● Task to complete:
Every line of the material below should be output exactly as written, with the images skipped.

● Available data:
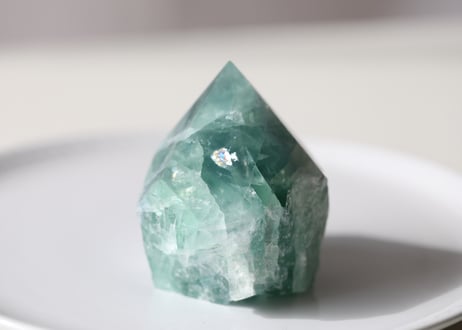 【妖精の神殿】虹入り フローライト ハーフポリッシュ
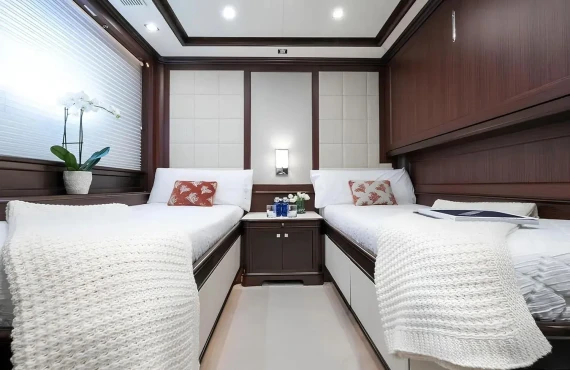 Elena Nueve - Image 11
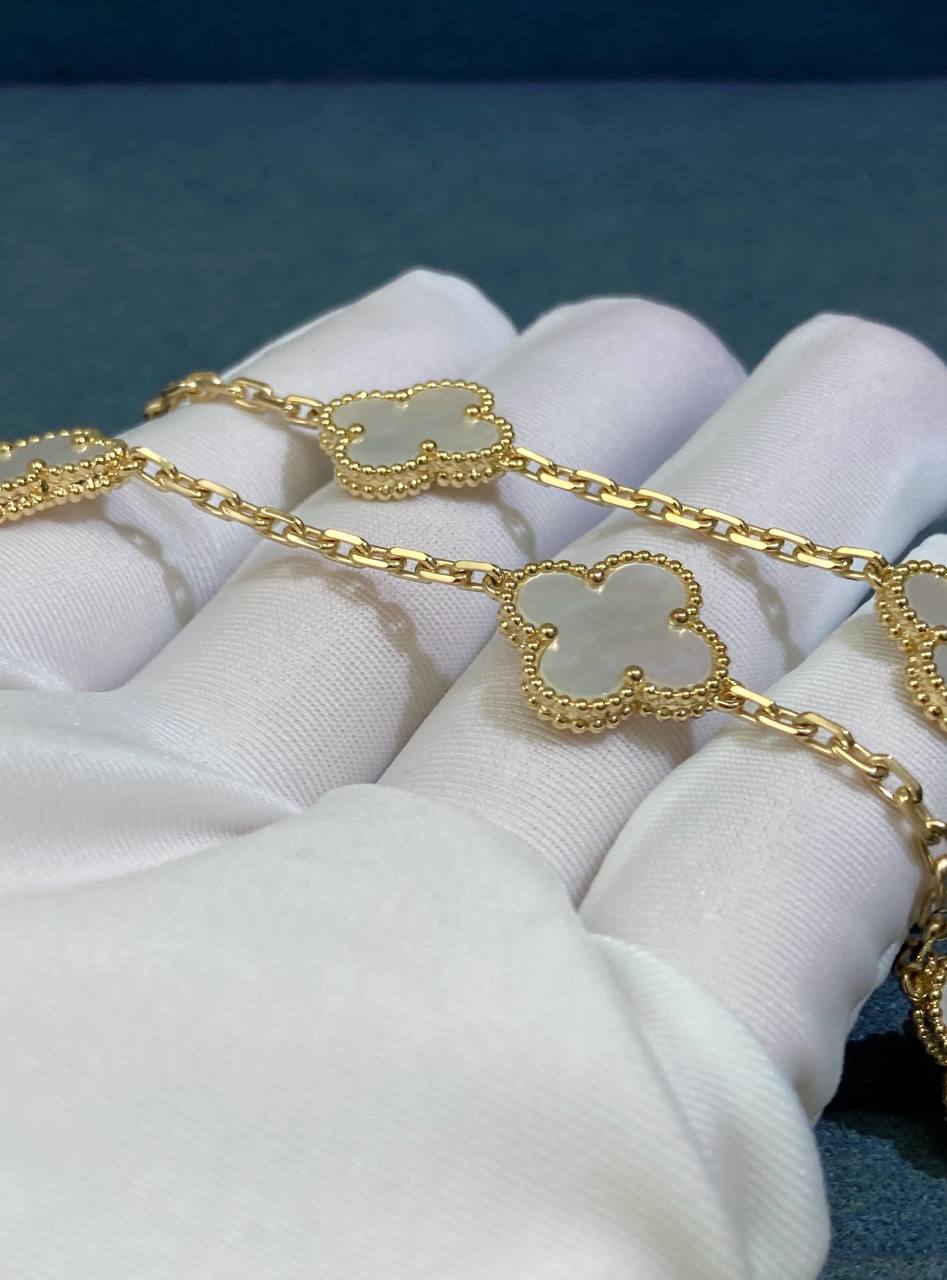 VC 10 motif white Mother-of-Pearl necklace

● Answer to the problem:
 【妖精の神殿】虹入り フローライト ハーフポリッシュ
 Elena Nueve - Image 11
 VC 10 motif white Mother-of-Pearl necklace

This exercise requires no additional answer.